Berbagai media sering menyiarkan masalah korupsi baik media cetak maupun elektronik, dimana hal ini menggambarkan korupsi sepertinya sudah menjadi hal yang lumrah atau biasa. Upaya-upaya untuk pemberantasan korupsi pun sudah sering dilakukan baik melalui penegakkan aturan, pemberian sanksi bahkan penerbitan aturan-aturan baru yang kesemuanya itu dalam rangka memberatas korupsi namun, sampai saat ini masalah korupsi tetap menjadi hal yang paling sulit di minimalisir apalagi untuk diberantas.
Selama ini Perang sengit yang digenjarkan pasca reformasi belum mampu memberikan kemenangan atas masalah korupsi yang ternyata sudah melilit Indonesia sangat kuat. Perang ini sangat penting dilakukan karena seperti yang dikatakan oleh Kwik Kian Gie pernah mengatakan “KKN is the root of evil”. Korupsi tidak hanya sebatas pada usaha untuk memperkaya diri sendiri atau orang lain yang mengakibatkan kerugian keuangan Negara. Korupsi menjadi akar masalah moral, etika, mental, tata nilai dan cara berpikir yang melandasi tindak kejahatan manusia.
Dalam UU No. 20 Tahun 2001 tentang Pemberantasan Tindak Pidana Korupsi. Di dalam pasal tersebut dijelaskan mengenai beberapa tindakan yang dapat digolongkan sebagai tindak pidana korupsi yaitu:
a.    Kerugian keuangan negara
b.    Suap-menyuap
c.    Penggelapan dalam jabatan
d.    Pemerasan
e.     Perbuatan curang
f.      Benturan kepentingan dalam pengadaan
g.    Gratifikasi
Selain itu dalam UU No.31 Tahun 1999 jo.

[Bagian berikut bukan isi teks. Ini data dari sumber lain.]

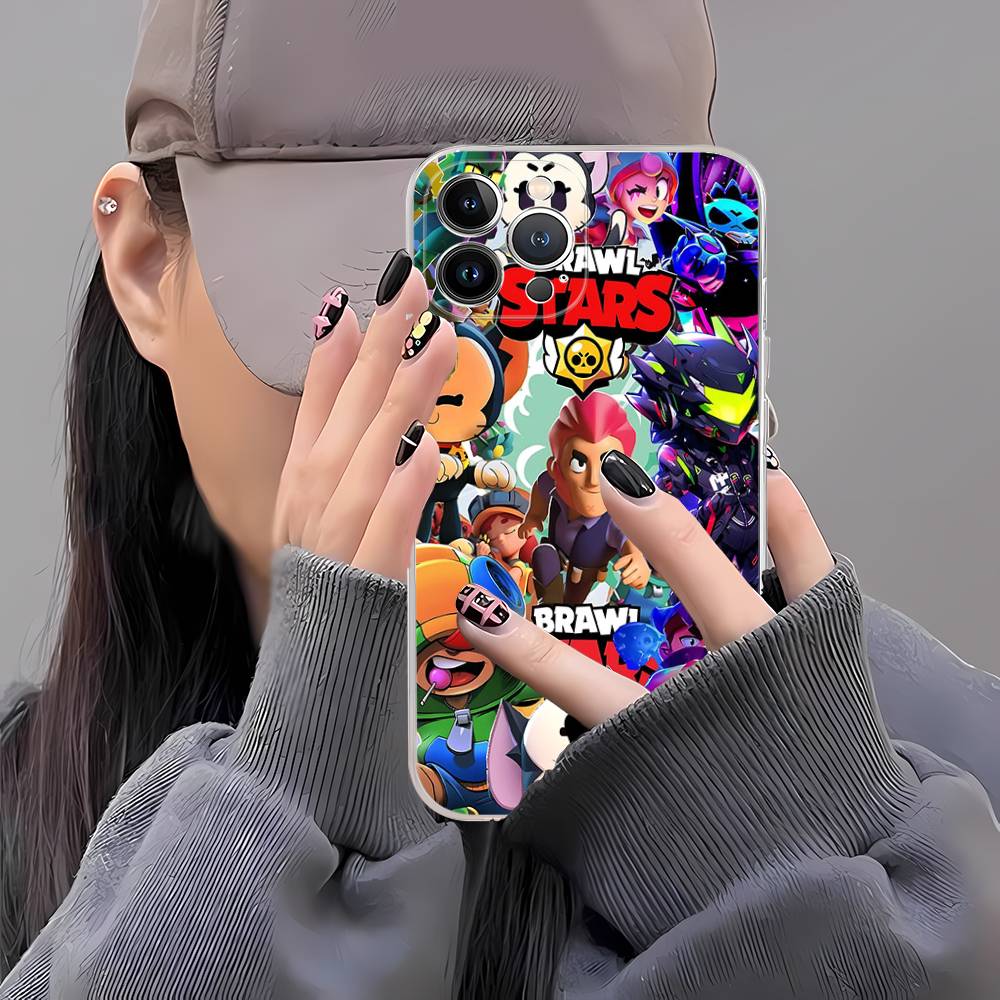 Funny B-Brawl Games S-Stars An - Phone Cases Personalised incelemesi ve fiyatı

UU No. 20 Tahun 2001 juga menjelaskan mengenai beberapa tindakan yang dapat digolongkan sebagai tindak pidana korupsi, yaitu:
a.    Merintangi proses pemeriksaan perkara korupsi
b.    Tidak memberi keterangan atau memberi keterangan yang tidak benar
c.    Bank yang tidak memberikan keterangan rekening tersangka
d.    Saksi atau ahli yang tidak memberi keterangan atau memberi keterangan palsu
e.    Orang yang memegang rahasia jabatan tidak memberikan keterangan atau memberikan keterangan palsu
f.     Saksi yang membuka identitas pelapor.
Masih ada beberapa pasal yang menjelaskan mengenai korupsi, yaitu pasal 2 UU No. 31 Tahun 1999 jo. UU No. 20 Tahun 2001 mengenai tindakan melawan hukum untuk memperkaya diri, Pasal 3 UU No. 31 Tahun 1999 jo. UU No. 20 Tahun 2001tentang penyalahgunaan wewenang, Pasal 5 ayat (1) UU No. 31 Tahun 1999 jo. UU No. 20 Tahun 2001 tentang menyuap pegawai negeri, Pasal 7 ayat (1) UU No. 31 Tahun 1999 jo. UU No. 20 Tahun 2001 tentang pemborong berbuat curang dan masih banyak pasal lainnya.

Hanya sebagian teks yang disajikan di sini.